#### YOUR INSTRUCTIONS:
In the entries below, find the line with "Chiếc Ju-88 bị Lydia bắn hạ tại Staligrad." and the line with "Лукашенко пожелал украинцам мирного неба Лукашенко". Repeat exactly everything between them, those two lines included, but not the pictures.

#### EXERCISE INPUT:

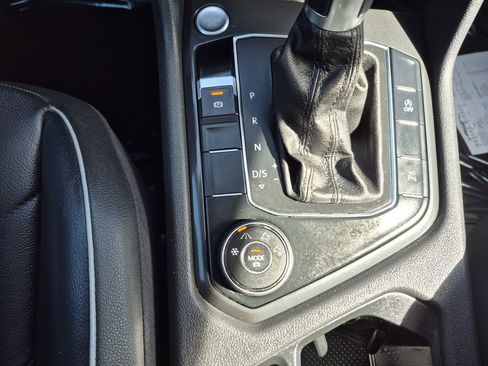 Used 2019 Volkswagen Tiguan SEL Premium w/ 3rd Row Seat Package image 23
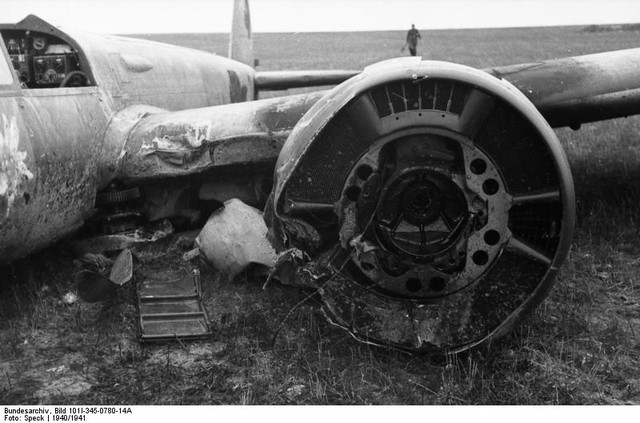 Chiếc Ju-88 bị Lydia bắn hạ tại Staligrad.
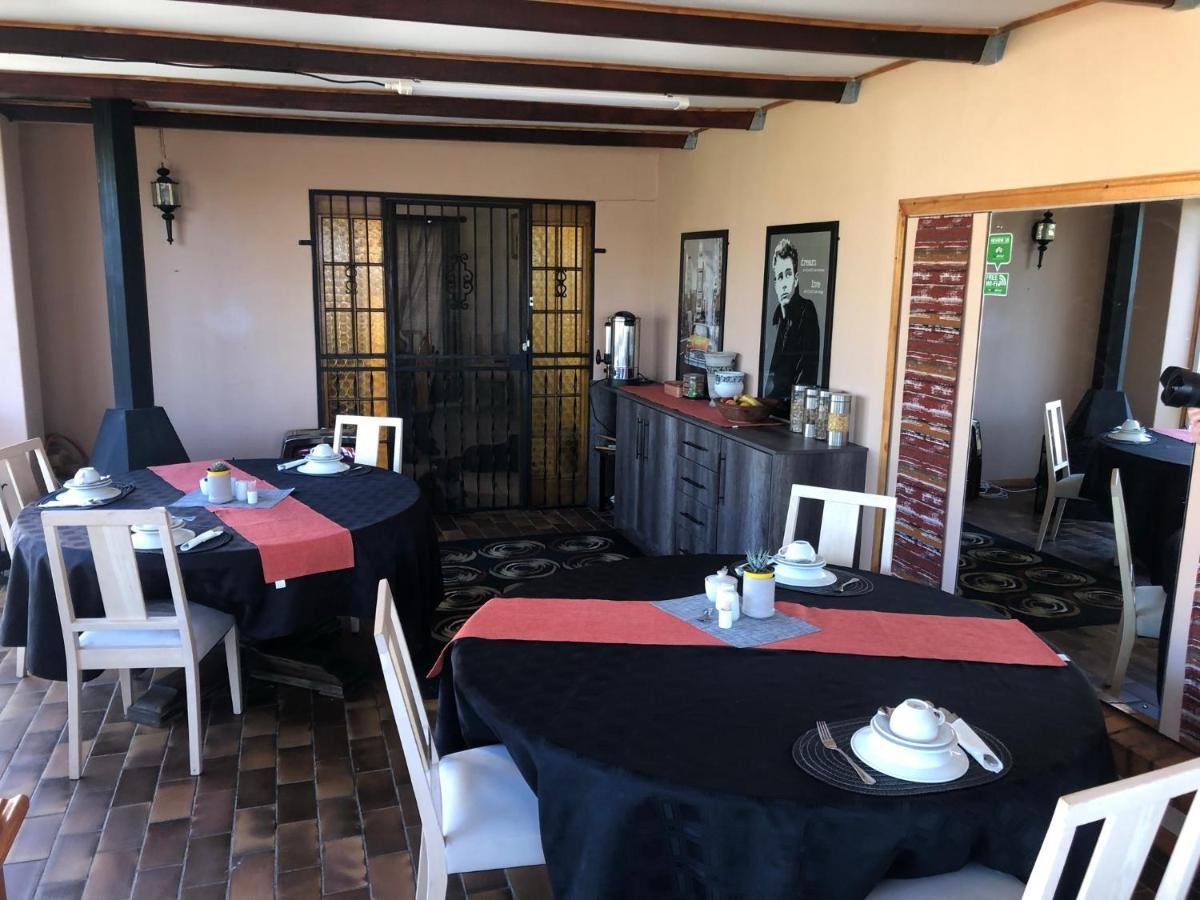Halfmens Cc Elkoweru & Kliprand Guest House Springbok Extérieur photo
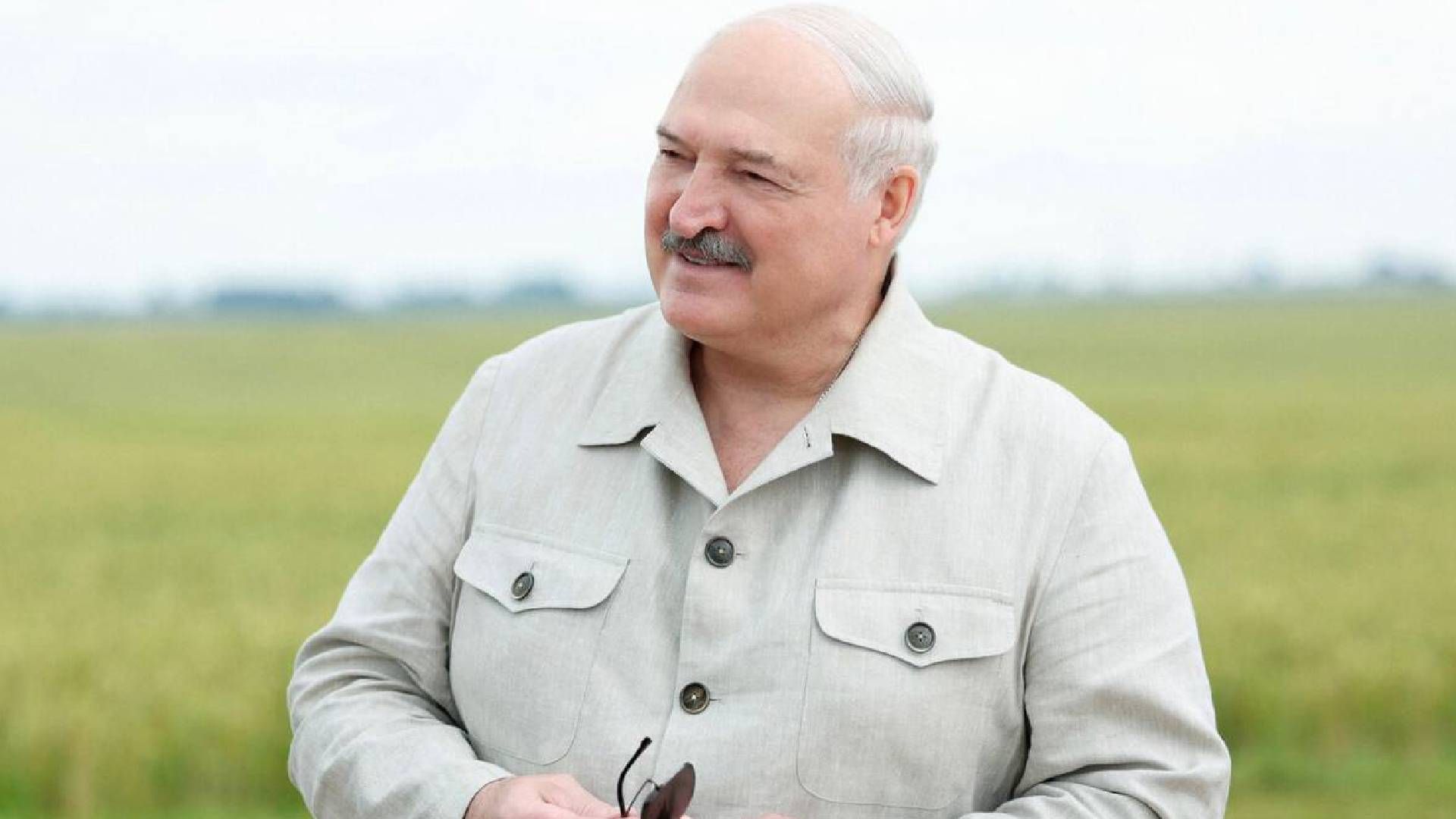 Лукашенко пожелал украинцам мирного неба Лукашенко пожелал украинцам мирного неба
* * *
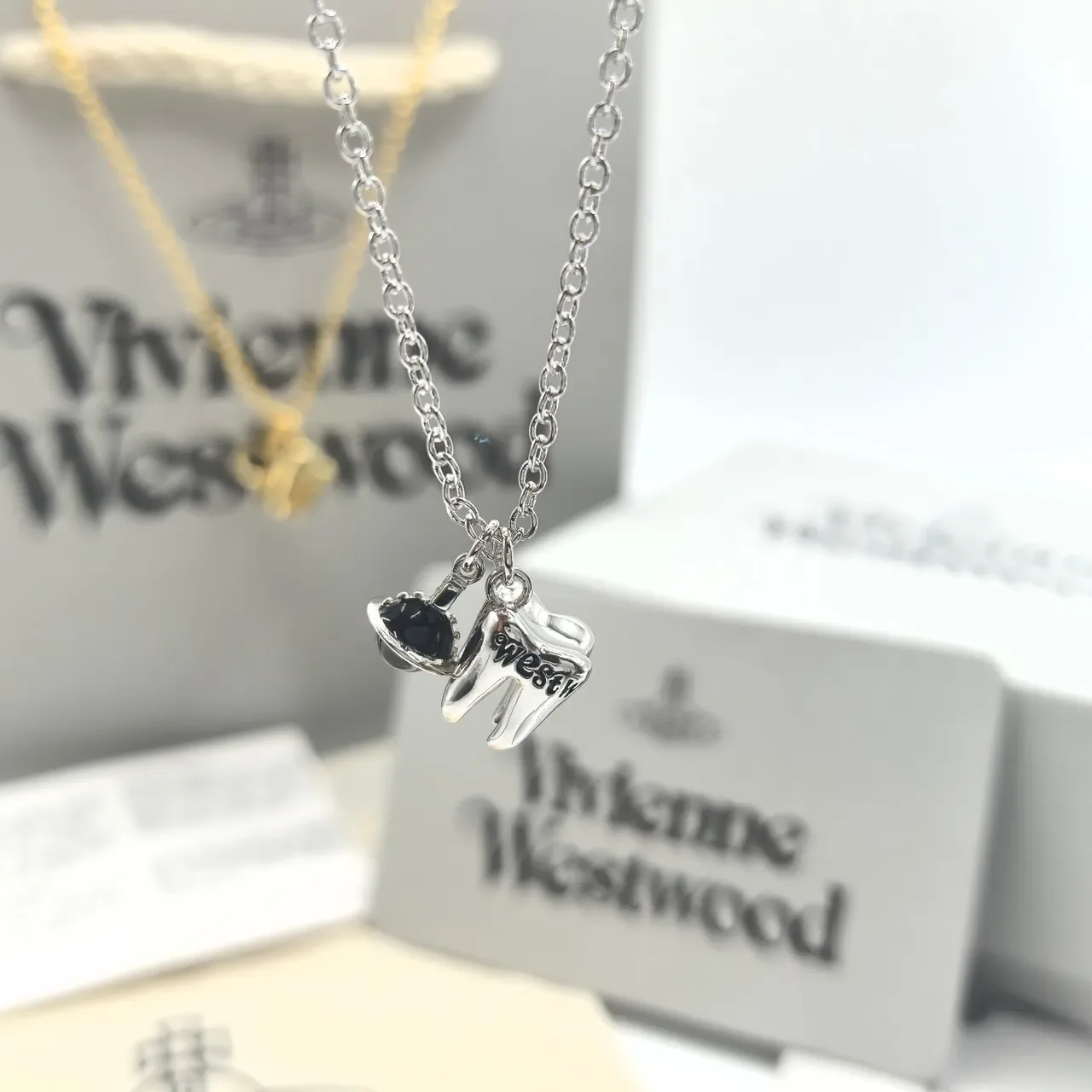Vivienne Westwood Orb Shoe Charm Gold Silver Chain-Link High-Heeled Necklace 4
--
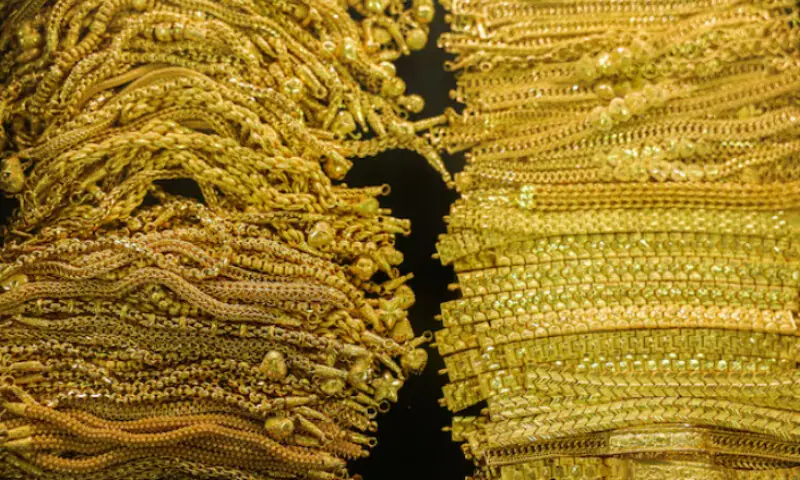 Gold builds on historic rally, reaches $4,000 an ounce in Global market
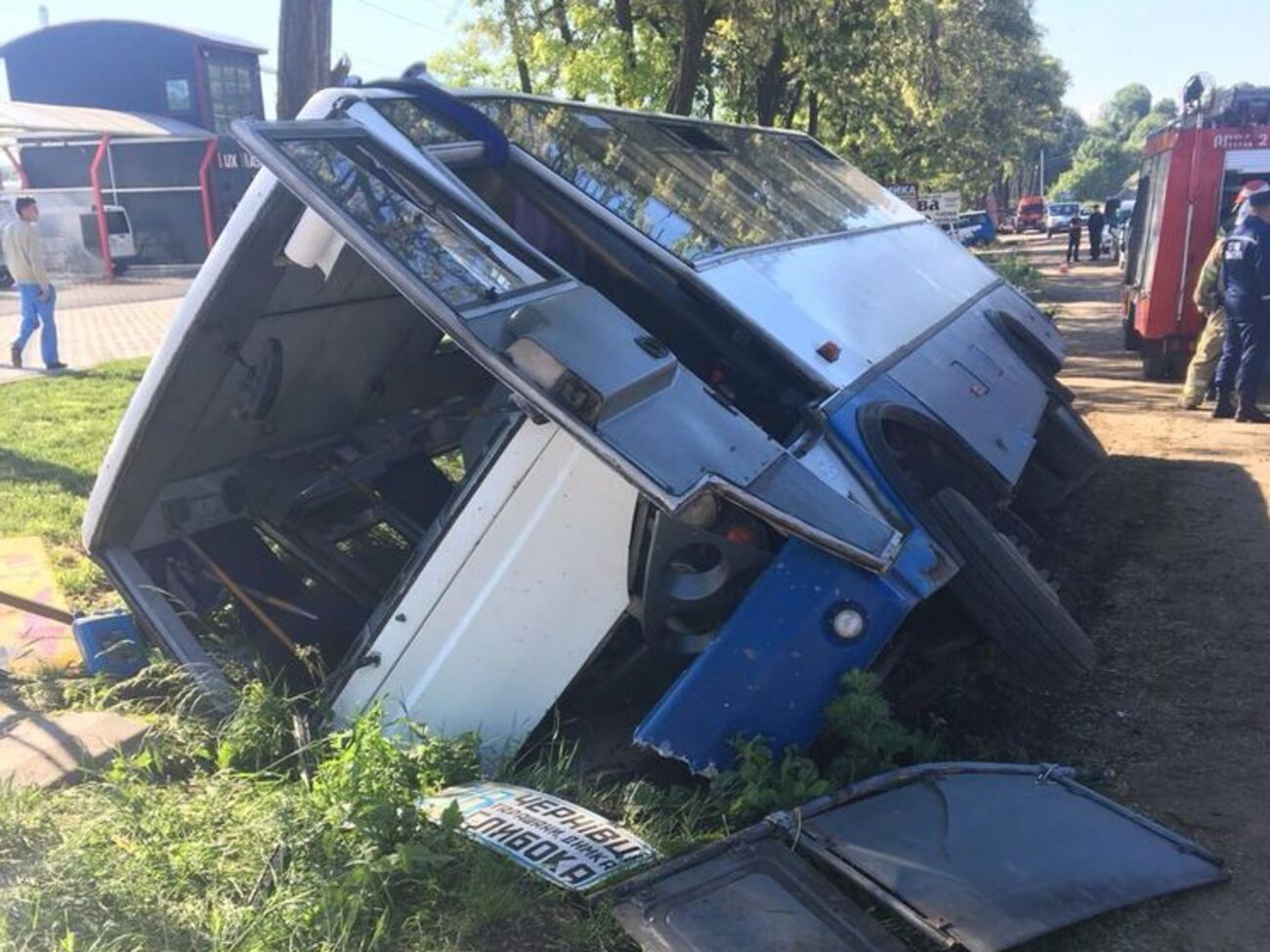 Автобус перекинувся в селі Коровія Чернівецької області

#### SOLUTION FOR THIS TASK:
 Chiếc Ju-88 bị Lydia bắn hạ tại Staligrad.
Halfmens Cc Elkoweru & Kliprand Guest House Springbok Extérieur photo
 Лукашенко пожелал украинцам мирного неба Лукашенко пожелал украинцам мирного неба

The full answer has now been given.